Pine Tree Wrestling League

Ward finds mat calling, wins title in final middle school season

Eighth-grader pins down championship in second season in sport
By Zack Miller | Apr 13, 2018
Photo by: Zack Miller Medomak's Levi Ward.

Waldoboro — The early teenage years are a time for exploring interests, especially in sports. Youngsters want to know what is fun to play and intrigues them, and what does not.

For Medomak Middle School eighth-grader Levi Ward, it did not take long for the 14-year-old to find out what intrigues him, and what he is good at: wrestling.

Ward has been wrestling for only two years, and began during his seventh-grade year for the Riverhawks, when most student-athletes in the program had been wrestling for two years prior — or longer.

“In seventh grade I played football with coach Fritz Miller, and he was talking to us about wrestling and he got me and a couple friends to take up wrestling, and I was the only one who stayed with it,” Ward said. “Everyone else branched off and didn’t want to do it anymore.”
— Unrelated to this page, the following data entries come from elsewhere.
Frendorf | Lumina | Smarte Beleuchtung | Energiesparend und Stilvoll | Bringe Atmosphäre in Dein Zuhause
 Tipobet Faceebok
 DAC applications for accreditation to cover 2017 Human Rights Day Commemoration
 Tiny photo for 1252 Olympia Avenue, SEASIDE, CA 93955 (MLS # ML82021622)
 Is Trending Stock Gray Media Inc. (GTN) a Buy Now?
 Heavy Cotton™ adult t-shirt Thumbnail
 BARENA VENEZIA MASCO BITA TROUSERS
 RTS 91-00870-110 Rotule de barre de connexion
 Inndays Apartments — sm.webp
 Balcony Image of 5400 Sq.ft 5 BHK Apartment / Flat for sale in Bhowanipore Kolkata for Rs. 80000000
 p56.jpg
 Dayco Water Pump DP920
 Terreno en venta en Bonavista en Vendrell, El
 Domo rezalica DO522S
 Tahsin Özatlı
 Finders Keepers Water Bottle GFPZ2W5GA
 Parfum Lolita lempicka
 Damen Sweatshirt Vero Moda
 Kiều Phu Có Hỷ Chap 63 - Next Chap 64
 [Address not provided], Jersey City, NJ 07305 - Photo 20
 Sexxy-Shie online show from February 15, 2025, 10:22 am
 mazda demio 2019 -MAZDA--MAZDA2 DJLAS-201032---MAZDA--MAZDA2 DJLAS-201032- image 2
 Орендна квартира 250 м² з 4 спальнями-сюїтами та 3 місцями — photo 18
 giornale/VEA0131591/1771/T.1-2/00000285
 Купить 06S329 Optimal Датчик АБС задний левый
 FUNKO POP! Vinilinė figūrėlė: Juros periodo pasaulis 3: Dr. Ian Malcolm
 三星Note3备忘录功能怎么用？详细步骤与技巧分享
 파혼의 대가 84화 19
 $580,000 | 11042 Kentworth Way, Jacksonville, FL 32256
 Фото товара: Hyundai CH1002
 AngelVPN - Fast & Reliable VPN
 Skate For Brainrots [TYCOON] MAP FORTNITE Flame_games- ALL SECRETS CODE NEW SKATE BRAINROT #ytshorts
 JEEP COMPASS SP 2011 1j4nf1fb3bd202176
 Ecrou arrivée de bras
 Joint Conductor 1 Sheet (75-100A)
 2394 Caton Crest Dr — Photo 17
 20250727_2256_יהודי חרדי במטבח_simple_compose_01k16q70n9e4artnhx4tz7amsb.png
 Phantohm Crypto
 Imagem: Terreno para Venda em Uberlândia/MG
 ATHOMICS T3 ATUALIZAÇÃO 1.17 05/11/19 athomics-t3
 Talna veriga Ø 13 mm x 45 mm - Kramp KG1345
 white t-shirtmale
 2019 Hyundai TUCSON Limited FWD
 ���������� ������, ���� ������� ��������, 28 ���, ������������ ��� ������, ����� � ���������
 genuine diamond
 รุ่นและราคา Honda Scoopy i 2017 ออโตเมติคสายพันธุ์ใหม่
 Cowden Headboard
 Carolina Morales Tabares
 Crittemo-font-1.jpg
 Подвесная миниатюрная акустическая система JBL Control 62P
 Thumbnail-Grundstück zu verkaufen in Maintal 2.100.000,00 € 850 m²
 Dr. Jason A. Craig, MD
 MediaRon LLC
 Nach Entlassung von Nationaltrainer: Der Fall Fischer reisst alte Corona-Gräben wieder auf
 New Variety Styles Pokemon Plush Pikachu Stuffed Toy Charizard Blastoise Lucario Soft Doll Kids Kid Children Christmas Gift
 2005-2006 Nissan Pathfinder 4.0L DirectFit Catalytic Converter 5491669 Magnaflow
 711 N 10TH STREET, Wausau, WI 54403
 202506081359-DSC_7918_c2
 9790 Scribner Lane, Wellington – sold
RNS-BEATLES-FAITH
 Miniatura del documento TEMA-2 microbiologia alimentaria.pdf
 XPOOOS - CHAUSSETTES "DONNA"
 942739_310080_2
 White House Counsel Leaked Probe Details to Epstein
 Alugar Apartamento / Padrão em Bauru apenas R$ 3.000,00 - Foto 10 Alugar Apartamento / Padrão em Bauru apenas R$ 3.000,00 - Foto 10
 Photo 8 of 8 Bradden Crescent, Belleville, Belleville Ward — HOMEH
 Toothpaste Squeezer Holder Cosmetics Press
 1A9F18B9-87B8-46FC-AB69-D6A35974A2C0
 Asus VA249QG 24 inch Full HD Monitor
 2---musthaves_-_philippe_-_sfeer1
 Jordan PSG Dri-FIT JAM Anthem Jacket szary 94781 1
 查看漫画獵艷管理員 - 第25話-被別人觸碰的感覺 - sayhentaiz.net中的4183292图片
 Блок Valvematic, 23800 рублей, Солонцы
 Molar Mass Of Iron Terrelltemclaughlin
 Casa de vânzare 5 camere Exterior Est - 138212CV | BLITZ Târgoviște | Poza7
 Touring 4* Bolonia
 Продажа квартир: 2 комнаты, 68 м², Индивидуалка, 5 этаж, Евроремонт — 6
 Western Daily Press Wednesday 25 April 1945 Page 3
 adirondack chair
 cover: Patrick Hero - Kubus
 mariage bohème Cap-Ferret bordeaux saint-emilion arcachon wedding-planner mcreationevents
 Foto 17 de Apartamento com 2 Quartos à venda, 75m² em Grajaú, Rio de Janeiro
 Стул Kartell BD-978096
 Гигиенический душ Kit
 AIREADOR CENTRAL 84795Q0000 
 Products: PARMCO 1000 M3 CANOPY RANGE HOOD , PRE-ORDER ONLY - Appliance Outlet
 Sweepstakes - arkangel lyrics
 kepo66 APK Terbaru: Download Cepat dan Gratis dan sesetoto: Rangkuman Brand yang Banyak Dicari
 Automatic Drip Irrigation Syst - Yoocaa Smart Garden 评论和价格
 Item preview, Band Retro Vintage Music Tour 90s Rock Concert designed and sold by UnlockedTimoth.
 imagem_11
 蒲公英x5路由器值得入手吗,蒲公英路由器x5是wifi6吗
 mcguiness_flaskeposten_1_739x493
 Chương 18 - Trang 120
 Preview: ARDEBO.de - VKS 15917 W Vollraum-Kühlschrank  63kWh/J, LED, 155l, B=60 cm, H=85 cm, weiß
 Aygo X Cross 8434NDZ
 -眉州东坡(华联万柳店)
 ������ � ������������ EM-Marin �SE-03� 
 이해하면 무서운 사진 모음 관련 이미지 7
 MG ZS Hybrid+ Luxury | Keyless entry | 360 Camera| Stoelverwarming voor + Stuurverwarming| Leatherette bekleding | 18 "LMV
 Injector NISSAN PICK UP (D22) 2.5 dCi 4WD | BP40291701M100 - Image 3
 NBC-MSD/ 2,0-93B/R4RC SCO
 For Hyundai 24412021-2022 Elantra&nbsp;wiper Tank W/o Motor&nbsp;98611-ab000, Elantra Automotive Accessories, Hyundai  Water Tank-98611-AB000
Ward not branching off turned out to be a wise move.

In his first year on the mats, Ward wrangled up a third-place finish at the East regional, and followed it with a fourth-place finish at the league meet the next week, which set the foundation for this year.

“He came back this year really focused and knew the deal this year,” said Riverhawk coach Trevor Readinger. “It was a goal of his to go to states and as he went through the season I think he knew that would be a possibility and he narrowed his focus, which was fun to watch.”

“Last year I wrestled a weight class higher so I hadn’t really wrestled any 170-[pound wrestlers] so I didn’t know who I was going to wrestle this year,” Ward said. “I expected myself to be good, but I was unsure of how exactly I would do.”

Ward performed pretty well this year, actually perfectly, to say the least. The eighth-grader compiled a 26-0 record, with nine pins, in a season that saw him wrestle at 170 and 195 pounds.

“[It’s a] different weight definitely,” Ward said. “At 195 kids tend to be taller and bigger around and a lot harder to maneuver. Doing takedowns are a lot harder because the kids are bigger and a lot harder to pick up.”

“He was one of the kids that was a leader on and off the mat, which is awesome to see,” Readinger said. “He went undefeated in the regular season. He wrestled 170 and 195 pounds and didn’t see much competition he couldn’t handle pretty easily. In the tournaments where he would get challenged a little bit more, it was a lot of fun to watch him have to actually wrestle.”

Despite wrestling back and forth between weight classes this season, Ward battled other 170-pounders in the regional meet, where he only had two matches. His first match saw Ward pin Brody Loiko of Erskine of South China, and then win by technical fall over Grayson Fernald of Bucksport to claim the regional title.

The next week, the Riverhawk toiled with three opponents, and, again, proved to be the best in his weight class, as he pinned Trevor McDaniel of Sugg of Lisbon, pinned Casey Mills of Cony of Augusta and outlasted Kaden Salley of Skowhegan, 7-5, in the championship match.

“Before I even wrestled [Salley] my brain was running, my chest was pounding, and when I went out there I got it off my mind and I just started wrestling,” Ward said. “There were a couple of things I could have done better on the mat. I had gotten a couple takedowns but then I messed up and he got two points on me. I think at that point he had a higher score than me, and then I got an escape, which brought my score higher, and there was about 30 seconds left on the clock and he was on the bottom. For the most part he was hopping up and trying to switch, and I was just holding for what I could.”

“He knew what was on the line,” Readinger said. “It was something he had made up in his own mind that [winning] was a goal. You could tell he had been working hard all season, but you could tell at the tournament that was something he really wanted to do. You saw that on the mat. He really put everything into it.”

“I was really excited [about winning],” Ward said. “I had never won first place in wrestling and it was a pretty exciting moment for me.”

“His grandfather was there to watch him, it was a pretty exciting day,” Readinger said. “You could tell he was nervous, but he stayed focused on the match. It was so much fun watching him win. Seeing the smile on his face afterward, seeing the smile on his grandfather’s face afterwards, those are what makes all the time worthwhile.”